Sequential Dynamic Decision Making with Deep Neural Nets on a Test-Time Budget

TL;DR

This paper introduces an adaptive method that reduces test-time latency in deep neural network-based decision systems by dynamically switching between shallow and deep models based on state recognition, achieving up to 5X speed-up.

Contribution

It proposes a novel gating mechanism that selectively employs shallow networks in sequential decision making, balancing computational efficiency and performance.

Findings

Achieves up to 5X speed-up in decision-making tasks.

Maintains performance with minimal loss using the gating approach.
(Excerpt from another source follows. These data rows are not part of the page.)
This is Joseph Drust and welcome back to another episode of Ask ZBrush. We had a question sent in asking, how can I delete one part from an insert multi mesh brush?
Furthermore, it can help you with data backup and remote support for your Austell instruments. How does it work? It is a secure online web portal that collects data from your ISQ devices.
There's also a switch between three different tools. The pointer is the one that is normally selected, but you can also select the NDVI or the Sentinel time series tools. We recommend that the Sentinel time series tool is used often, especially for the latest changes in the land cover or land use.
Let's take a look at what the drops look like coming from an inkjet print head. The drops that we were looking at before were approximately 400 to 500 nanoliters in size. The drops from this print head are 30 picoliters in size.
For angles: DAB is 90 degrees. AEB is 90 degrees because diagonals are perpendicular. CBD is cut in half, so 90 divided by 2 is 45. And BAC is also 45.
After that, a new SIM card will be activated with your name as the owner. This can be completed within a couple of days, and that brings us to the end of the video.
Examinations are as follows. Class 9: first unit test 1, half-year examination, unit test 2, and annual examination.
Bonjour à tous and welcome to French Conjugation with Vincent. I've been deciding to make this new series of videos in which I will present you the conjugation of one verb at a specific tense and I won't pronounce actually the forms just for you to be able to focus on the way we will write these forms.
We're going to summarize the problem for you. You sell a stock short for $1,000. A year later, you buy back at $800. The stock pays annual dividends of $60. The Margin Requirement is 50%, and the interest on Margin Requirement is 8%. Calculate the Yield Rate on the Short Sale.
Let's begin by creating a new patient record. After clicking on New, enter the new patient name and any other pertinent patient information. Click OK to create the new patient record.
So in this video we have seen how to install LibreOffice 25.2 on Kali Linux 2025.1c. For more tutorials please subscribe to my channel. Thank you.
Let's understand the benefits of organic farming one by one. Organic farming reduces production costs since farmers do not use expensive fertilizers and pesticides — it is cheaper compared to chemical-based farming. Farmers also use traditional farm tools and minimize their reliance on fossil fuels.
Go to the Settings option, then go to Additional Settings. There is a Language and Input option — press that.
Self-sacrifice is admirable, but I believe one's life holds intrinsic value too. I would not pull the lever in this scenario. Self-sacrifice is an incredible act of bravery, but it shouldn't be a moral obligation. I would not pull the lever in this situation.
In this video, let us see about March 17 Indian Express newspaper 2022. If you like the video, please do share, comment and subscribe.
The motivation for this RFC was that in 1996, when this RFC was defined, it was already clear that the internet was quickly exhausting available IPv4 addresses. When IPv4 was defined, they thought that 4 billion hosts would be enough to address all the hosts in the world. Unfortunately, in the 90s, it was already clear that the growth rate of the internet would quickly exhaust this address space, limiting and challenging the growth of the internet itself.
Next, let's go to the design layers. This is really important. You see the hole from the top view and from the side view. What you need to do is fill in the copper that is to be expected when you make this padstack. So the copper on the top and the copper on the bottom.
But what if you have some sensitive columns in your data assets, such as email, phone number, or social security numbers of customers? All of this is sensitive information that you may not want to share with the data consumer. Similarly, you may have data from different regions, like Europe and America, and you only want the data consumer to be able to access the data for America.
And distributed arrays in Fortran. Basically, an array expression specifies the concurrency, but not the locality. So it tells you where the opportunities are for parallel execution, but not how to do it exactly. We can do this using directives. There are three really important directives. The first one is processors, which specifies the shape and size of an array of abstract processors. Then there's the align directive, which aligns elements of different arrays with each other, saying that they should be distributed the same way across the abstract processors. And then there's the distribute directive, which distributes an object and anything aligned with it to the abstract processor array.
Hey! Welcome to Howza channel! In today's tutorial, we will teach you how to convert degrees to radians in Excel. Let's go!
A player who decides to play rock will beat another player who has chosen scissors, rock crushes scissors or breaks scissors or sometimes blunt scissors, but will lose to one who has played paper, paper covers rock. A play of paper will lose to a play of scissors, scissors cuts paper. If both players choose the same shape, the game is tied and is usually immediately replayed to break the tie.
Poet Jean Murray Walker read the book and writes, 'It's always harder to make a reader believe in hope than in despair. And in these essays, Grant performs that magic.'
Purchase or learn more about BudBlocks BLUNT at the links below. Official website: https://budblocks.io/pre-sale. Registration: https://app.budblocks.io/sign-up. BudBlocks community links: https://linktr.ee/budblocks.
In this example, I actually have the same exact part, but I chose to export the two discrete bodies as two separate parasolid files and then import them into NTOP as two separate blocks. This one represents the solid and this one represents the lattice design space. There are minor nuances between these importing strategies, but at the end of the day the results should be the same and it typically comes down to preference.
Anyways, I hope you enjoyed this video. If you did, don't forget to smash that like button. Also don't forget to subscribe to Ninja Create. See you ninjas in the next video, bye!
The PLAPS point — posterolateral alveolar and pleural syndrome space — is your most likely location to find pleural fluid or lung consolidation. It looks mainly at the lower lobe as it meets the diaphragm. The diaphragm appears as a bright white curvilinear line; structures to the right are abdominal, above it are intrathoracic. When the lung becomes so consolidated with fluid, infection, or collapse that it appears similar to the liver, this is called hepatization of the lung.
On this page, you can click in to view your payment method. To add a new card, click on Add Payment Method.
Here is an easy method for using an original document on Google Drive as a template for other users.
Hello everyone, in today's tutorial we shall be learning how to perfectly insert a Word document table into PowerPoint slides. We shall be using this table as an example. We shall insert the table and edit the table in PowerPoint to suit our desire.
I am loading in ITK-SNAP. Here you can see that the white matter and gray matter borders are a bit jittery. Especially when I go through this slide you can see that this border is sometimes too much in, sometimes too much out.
Demonstrates effectiveness across multiple applications.

Abstract

Deep neural network (DNN) based approaches hold significant potential for reinforcement learning (RL) and have already shown remarkable gains over state-of-art methods in a number of applications. The effectiveness of DNN methods can be attributed to leveraging the abundance of supervised data to learn value functions, Q-functions, and policy function approximations without the need for feature engineering. Nevertheless, the deployment of DNN-based predictors with very deep architectures can pose an issue due to computational and other resource constraints at test-time in a number of applications. We propose a novel approach for reducing the average latency by learning a computationally efficient gating function that is capable of recognizing states in a sequential decision process for which policy prescriptions of a shallow network suffices and deeper layers of the DNN have little marginal utility. The overall system is adaptive in that it dynamically switches control actions based on state-estimates in order to reduce average latency without sacrificing terminal performance. We experiment with a number of alternative loss-functions to train gating functions and shallow policies and show that in a number of applications a speed-up of up to almost 5X can be obtained with little loss in performance.